------ DATA EXTRACT ------

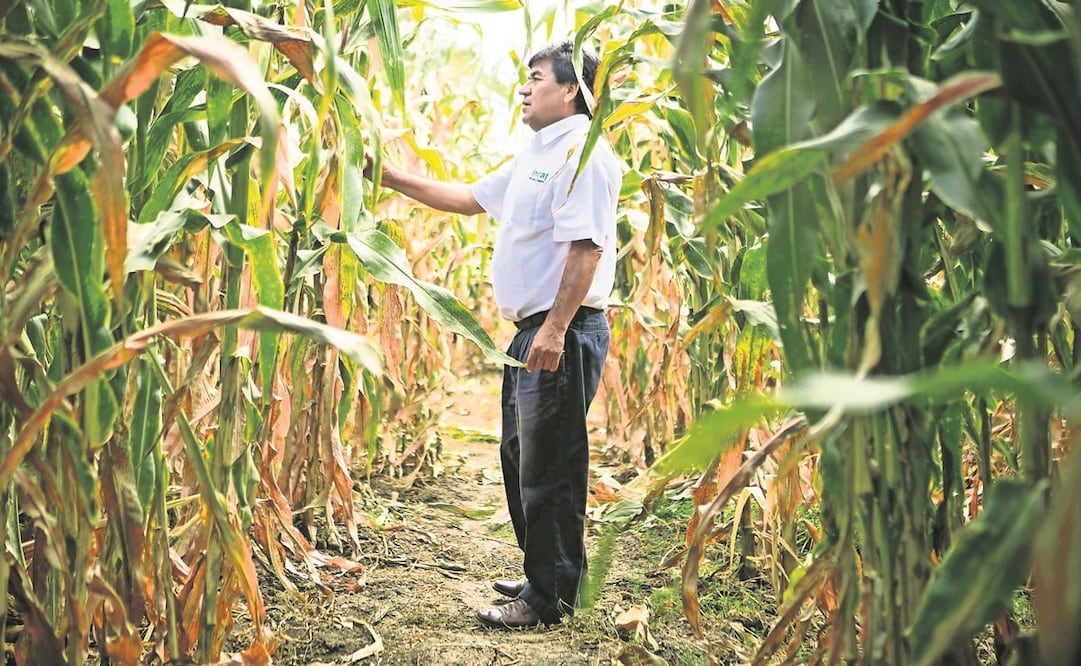 Los bioinsumos se obtienen de materia vegetal y se usan para fertilizar y nutrir plantas y suelo. Foto: Archivo / EL UNIVERSAL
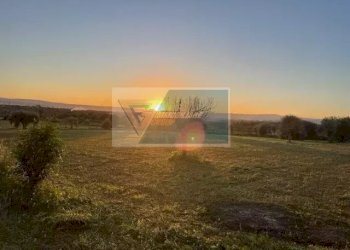 Terreno agricolo C.da Carancino, Siracusa - foto 2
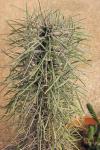 : - Didierea madagascariensis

------

REQUIRED WORK.
Lines from the one holding "Terreno agricolo C.da" to the end of the data, both ends included, are to be given again exactly; no pictures belong in the copy.

RESPONSE TO THIS TASK.
 Terreno agricolo C.da Carancino, Siracusa - foto 2
 : - Didierea madagascariensis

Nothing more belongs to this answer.